Childhood Of A Leader film review

History repeats itself in The Childhood Of A Leader

“This has happened before, and it will continue to happen again and again.”

In 1919, journalist Charles (Robert Pattinson) discusses World War One with the Father (Liam Cunningham) in a villa outside Paris. There, the Father bullies his younger polyglot wife (Bérénice Bejo) and their son Prescott (Tom Sweet), and misbehaves with Prescott’s tutor Ada (Stacy Martin) – when he is not in Paris helping Wilson’s team draft the Versailles treaty. Notoriously, it would end one global conflict, only to sow the seeds for the next. Here, history is doomed to repeat itself.

In his feature debut as director and co-writer (with partner Mona Fastvold), actor Brady Corbet (Thunderbirds) confines momentous global events of 20th century history to the background, while focusing instead on the parallel conflicts in this household.

In the middle is Prescott, sexually uncertain, caught between cultures and absorbing lessons in adult conduct. As Prescott acts out, his mother, instructed to reimpose order by her absent husband, treats both the troubled boy and her staff in increasingly dictatorial fashion.

The film is a domestic tragedy that is also a parable of politics and power.

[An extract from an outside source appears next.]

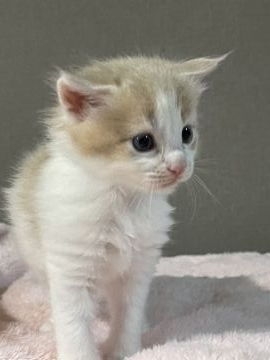 メインクーン【愛知県・男の子・2021年4月20日・クリームタビー&ホワイト】の写真「可愛らしいクリームちゃん🐱💕💕」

His formative childhood is glimpsed as a series of elliptical impressions, leaving viewers with an enigmatic mosaic that they must piece together for themselves, guided minimally by the film’s title and occasional chapter headings.

Meanwhile, Scott Walker’s extraordinary soundtrack keeps all these disparate scenes driving ever forwards with great intensity to their bleak alt-history future. It’s an adult film about Europe’s (and the world’s) permanent pre-adolescence.